Manbachi’s doctors decided on a treatment combination they had not tried before in any other patient. She received the immunotherapy drug Yervoy (ipilimumab), the targeted therapy drug Zelboraf (vemurafenib), and radiation. She had to go to the hospital – more than 2 hours from home – every day for treatment for 4 weeks. During that time, she stayed at the American Cancer Society Hope Lodge facility in Hershey. A Hope Lodge community offers free, home-like accommodations for cancer patients and their caregivers whose best treatment options are away from home. She checked in the day after Christmas, and she and her husband spent New Year’s Eve there, where staff threw a party for the guests.

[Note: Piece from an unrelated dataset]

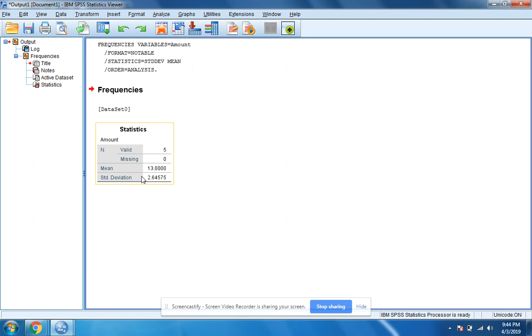So now we have our standard deviation, which is 2.64575. Thank you. Have a good night.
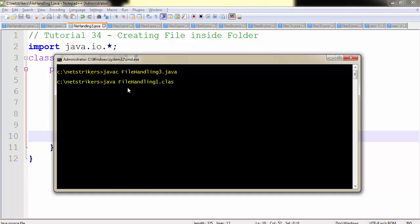Now let's run our code. "Folder and file created." Now let's check the directory where our Java class file resides.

“It was a wonderful experience. The staff were overwhelmingly welcoming. I was 2 hours away from home, but never felt like I was away from family. Every day someone came in to volunteer, make dinner, and play games,” said Manbachi. “It’s one thing to have physical and medical support, but emotional support is very helpful. The group we were with played a big part in helping me heal emotionally on my cancer journey. I still stay in touch with those people. My family held a fundraiser and I donated back to the Hershey Hope Lodge, Hershey’s Melanoma Team, and a prescription fund for cancer patients.”
Meanwhile, Manbachi developed lupus, arthritis, and severe skin rashes from her treatments. She had large tumors in her groin and neck and she could barely walk. But she was encouraged that the melanoma had not spread to her brain, liver, lungs or heart. She was determined to continue the treatment.
In February 2013, after nearly a year of showing no response to any treatment, Manbachi’s scans found no evidence of cancer in her body. “It was like a miracle,” she said. In December 2013, she was taken off all her cancer medication and had follow-up tests every 3 months for 2 years. Now she has those check-ups every 6 months.
Key advice
Today, Manbachi shares her story with as many people as she can, whether she’s in a support group or a doctor’s office waiting room. “You never know when your story will encourage or help others,” she says. “I’m always happy to help others with cancer.”
Among her advice:
Seek out a committed team of health care providers who specialize in the type of cancer you have.
Be an advocate for yourself and stay educated about the specific type of cancer you have and the treatment options available.
Eat a healthy diet and exercise on a regular basis, even if it’s only walking daily.
Get regular checkups and health care screenings.
Use all the resources available to cancer patients in your area. Cancer wellness centers and hospitals offer support groups, exercise classes, massages, and more. Look Good Feel Better is a free program that helps cancer patients manage the appearance-related side effects of treatment.
Try to manage your stress and not let the little things bother you.
Take one day at a time and one treatment at a time. Try to stay positive and stay in the present.
Enjoy every minute you have with family and friends, and appreciate life.
Reach out to others with cancer and tell your story because we gain strength from each other.